New Jersey Lawmaker Proposes Student Loan Lottery

Posted on: July 9, 2015, 03:37h. 

Last updated on: July 9, 2015, 03:40h.

New Jersey student loan lottery
Rising student loan debt has become a contentious issue across the United States. (Image: Getty Images)

Student loan debt has become a major issue in the United States, as Americans now owe about $1.2 trillion in college debts.

Those debts have proven crippling for many former students who are just starting their careers, leading to many calls to find a way to help reduce or forgive at least some of the debt.

One particularly unusual proposal has come this week from New Jersey State Assemblyman John Burzichelli (D-Gloucester), who says that those with student loans should have the chance to gamble away their debts.

He is proposing that New Jersey become the first state to establish a lottery that would be exclusively designed to eliminate student debt.

“We have people graduating from universities with just too much on their shoulders,” Burzichelli said. “That hampers them from doing other things when they reach the workforce.”

New Jersey Students Deeply In Debt

New Jersey has a particularly high rate of student debt.

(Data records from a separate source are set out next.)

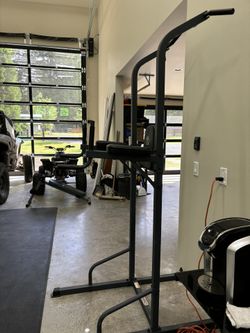 Stomach Crunch And Arm Press With Pull Up Bar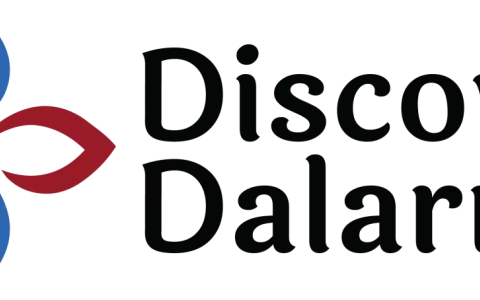Logotyp med texten "Discover Dalarna" och en stiliserad blomma i rött och blått. Perfekt för att hitta aktiviteter i Dalarna.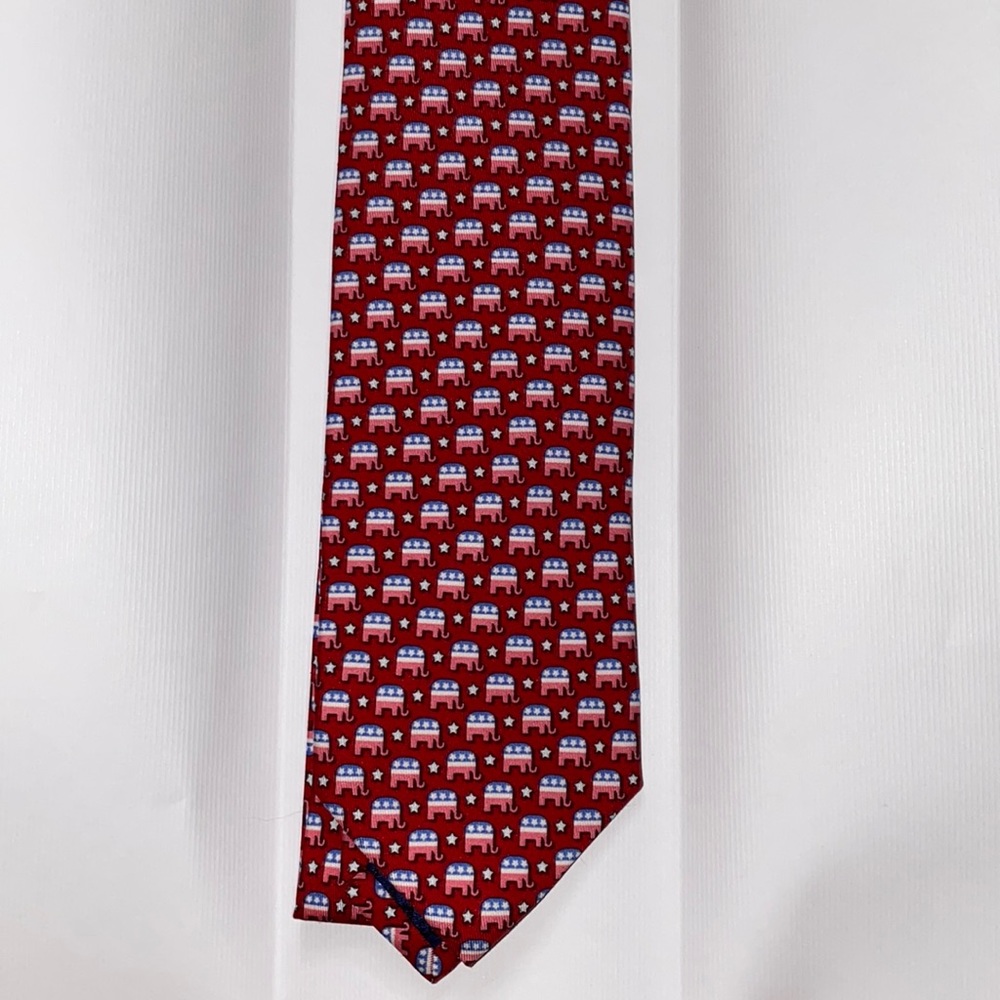 BRAND NEW vineyard vines elephant with stars tie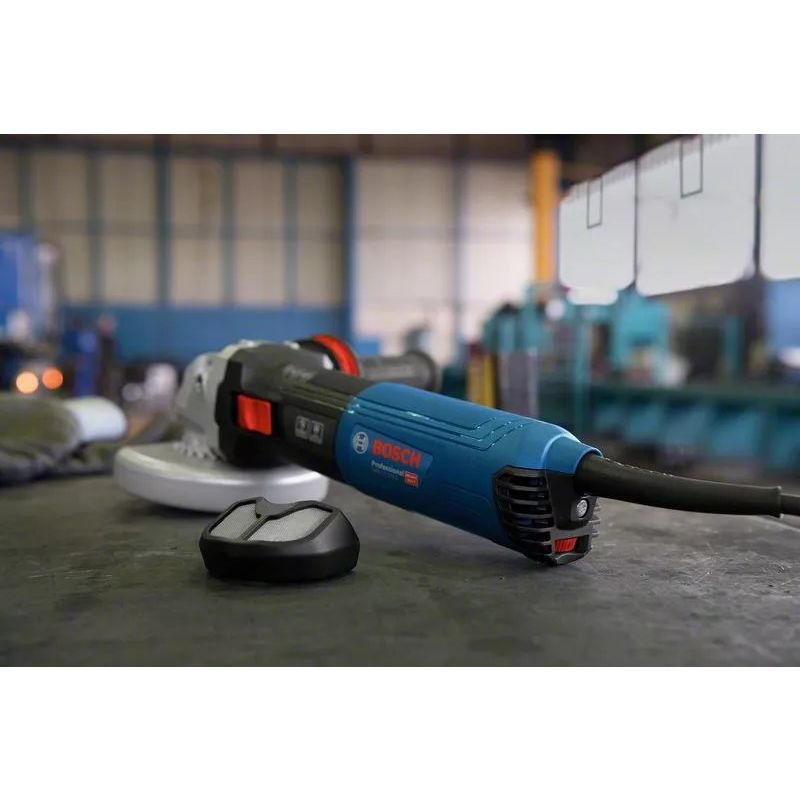 3. Bosch GWS 17-125 TS szlifierka kątowa 12,5 cm 9700 RPM 1700 W 2,2 kg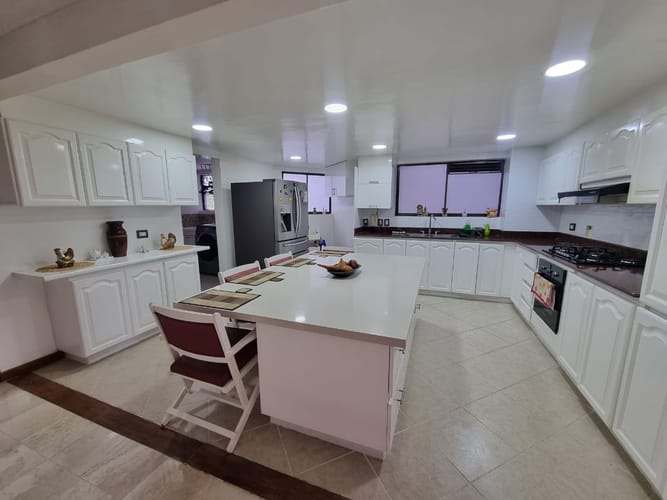 Apartamento de 3 alcobas en venta en El Poblado, Medellín, 202 m² · foto 5 de 18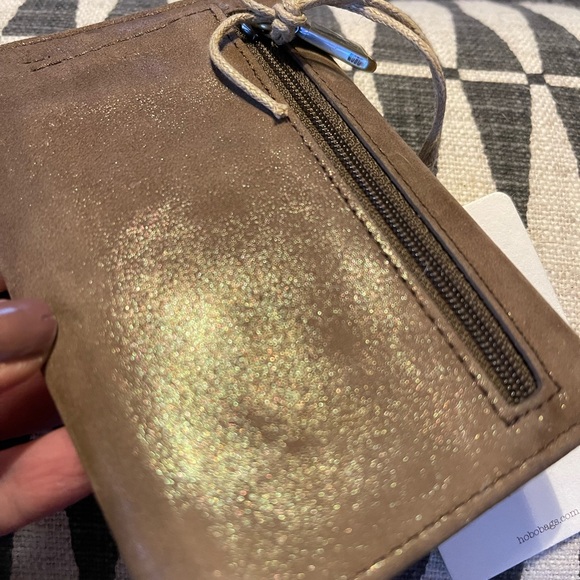 HOBO Jill Tri-fold wallet in Brass metallic. New w/ tag. - Picture 5 of 7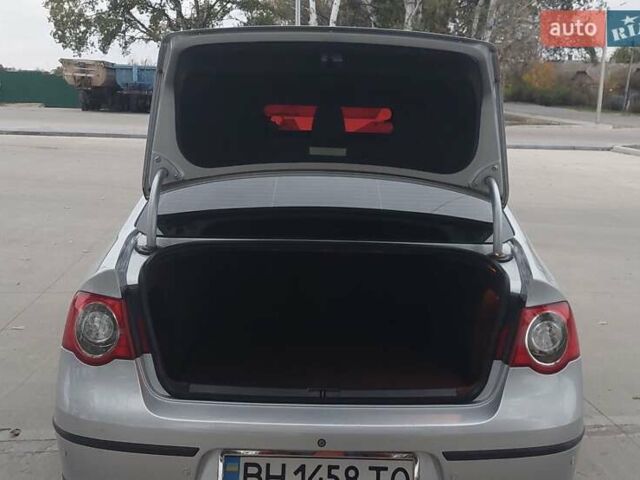 Сірий Фольксваген Пассат, об'ємом двигуна 2 л та пробігом 266 тис. км за 4999 $, фото 19 на Automoto.ua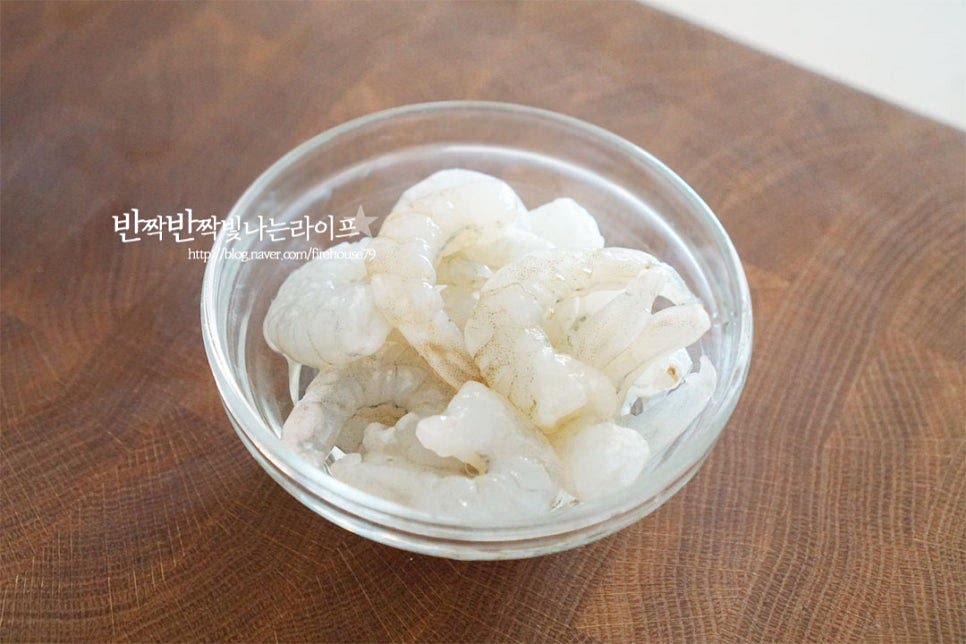 애호박볶음은 새우젓을 넣고 짭조름하고 시원한 맛을 내기도 하는데요. 새우젓없이 손질된 새우살을 준비했어요. 탱글한 식감이 부드러운 애호박과도 잘 어울리며 맛을 더 풍성하게 해줍니다. 맛술 2/3 큰 술을 뿌려 밑간을 해둡니다.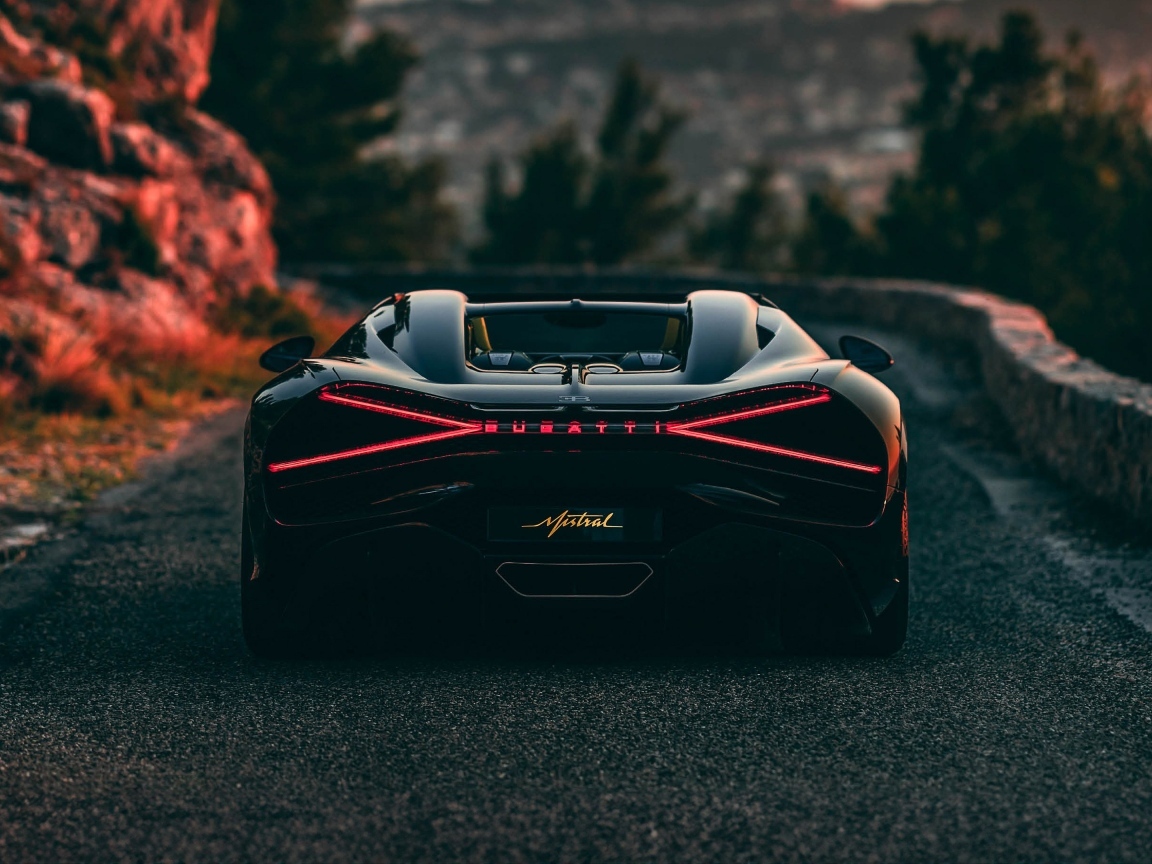 Rear view of the Bugatti Mistral sports car Desktop wallpaper 1152x864
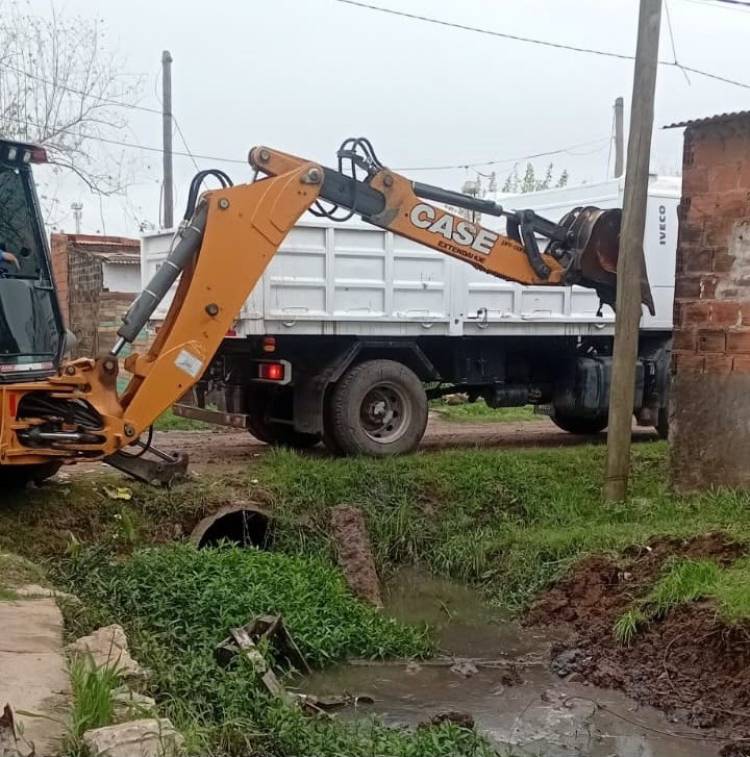RESISTENCIA: INTERVIENEN UN RELLENO CLANDESTINO PARA EVITAR ANEGAMIENTOS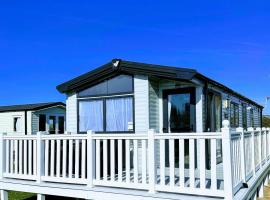 Willerby Castleton,Camber Sands- sleeps 6 Entertainment passes not -included，位于坎伯利的酒店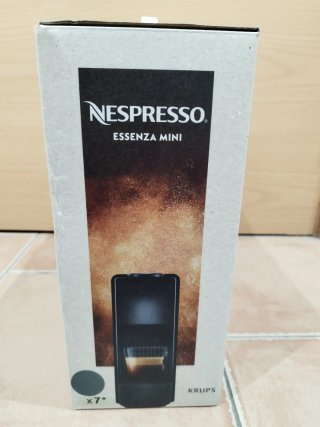 Cafetera Krups Nespresso Essenza Mini Gris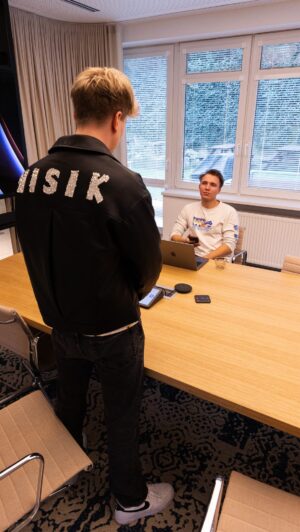 Adam Mišík Instagram - Forum se neptá. Markeťák je zpátky a úkol zní jasně ✊🏻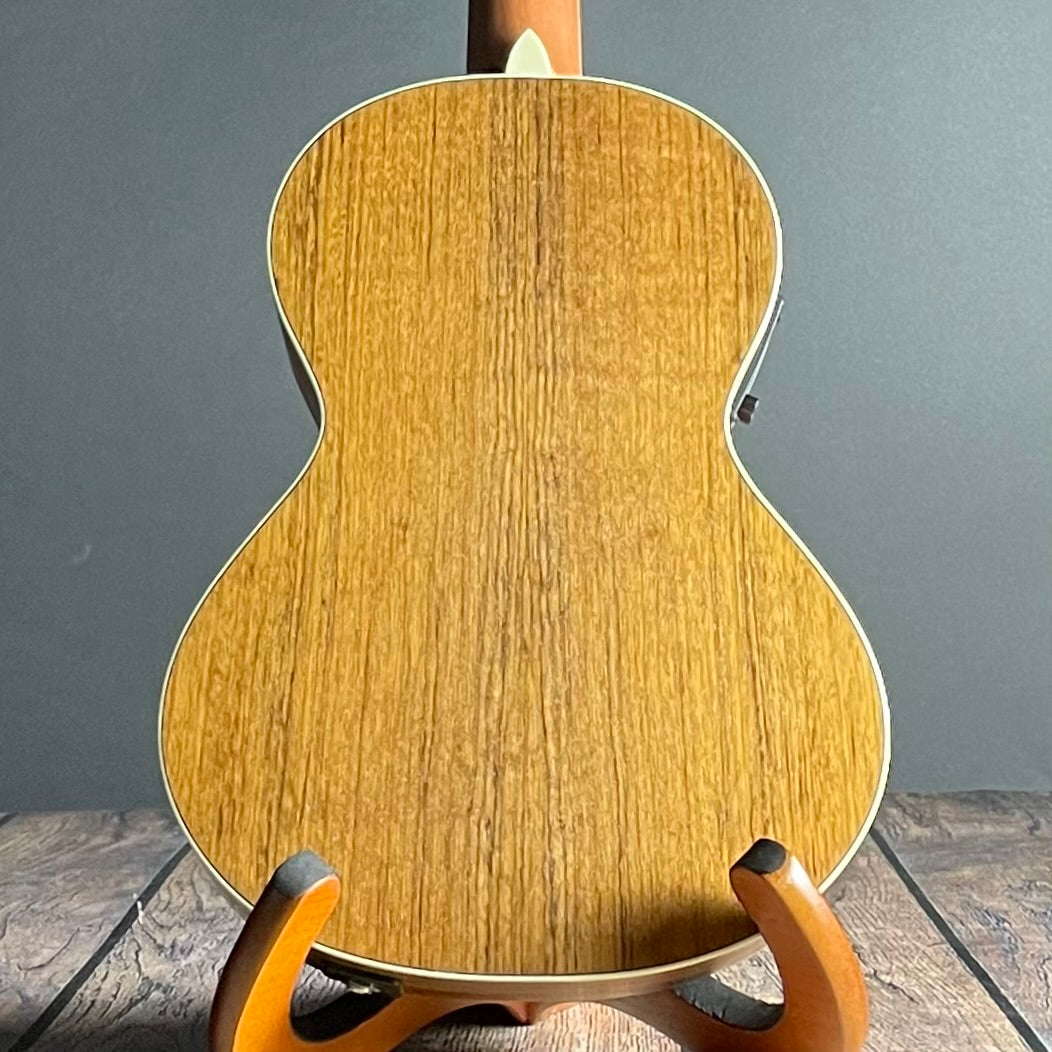 Fender Rincon Tenor Ukulele, Walnut Fingerboard- Aged Cognac Burst - Metronome Music Inc.
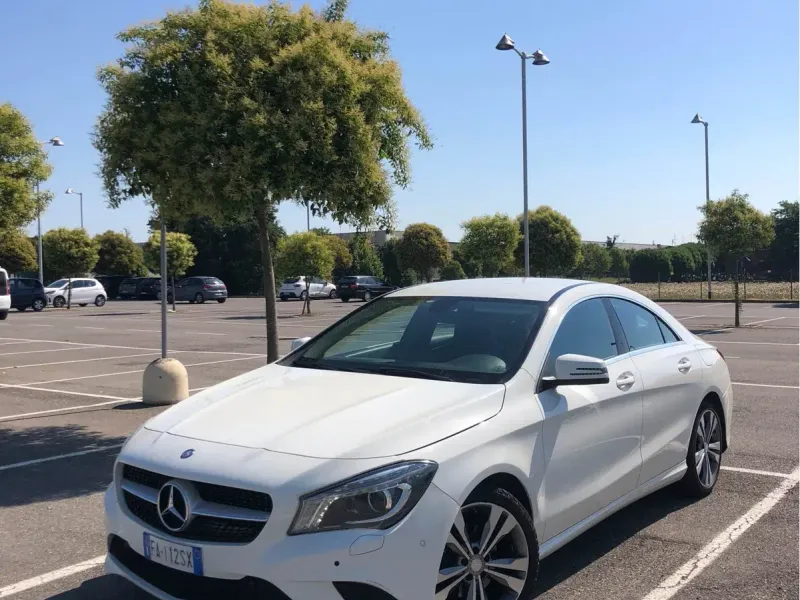Mercedes-Benz CLA 220 CDI, colore bianco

Seventy percent of 2013 graduates in New Jersey had at least some student loan debt, and the average borrower in 2014 had $28,109 in loans.

The student loan lottery would seek to remedy this by awarding prizes that are designed to be just enough to pay off each student’s loan debt.

The lottery would be operated by a private company and conducted by the New Jersey Lottery Commission.

Before signing up for the lottery, a current or former student would have to register information about their debt.

If they were chosen as the winner, they would receive only enough to cover their student loans; any additional money would roll over and additional winners would be chosen until the pool was exhausted.

Tickets would be required to cost three dollars or less, and students would be limited to spending a maximum of 15 percent of their student loan debt on tickets. Others could also buy tickets on behalf of a student.

Meanwhile, the company running the lottery would take 25 percent of the money collected. Other details are still being worked out, Burzichelli says.

The main appeal, however, would be the limited focus of the lottery.

While the prize pools for these lottery games would certainly be smaller than a game like Powerball (or even a typical state lottery), the chances of winning would also be higher.

Student Loan Experts Question Lottery Effectiveness 

But while the prospect of suddenly having one’s student loan debts disappear thanks to a winning ticket may sound appealing, many activists who are working on the nationwide issue believe that a lottery is simply the wrong way to go.

“Gamble to pay off your student loan? It’s all kinds of wrong,” said Natalia Abrams of Student Debt Crisis, a Los Angeles-based advocacy group. 

The issues with the lottery could be numerous. There’s the fact that for most players, losing in the lottery will add more debt rather than help solve their problems.

Plus, the taxes a winner would face on their winnings could result in a hefty tax debt to replace the loans that are now paid off.

And then there is the 25 percent that will be kept by the company running the lottery.

Because this money is coming out of the prize pool, it means that far more student loan debt would be paid down if players just used the money for tickets to pay those loans rather than risk it on the lottery.

“The only winner would be the company running the lottery who gets 25 cents on every dollar,” said Lauren Asher, president of the Institute for College Access and Success.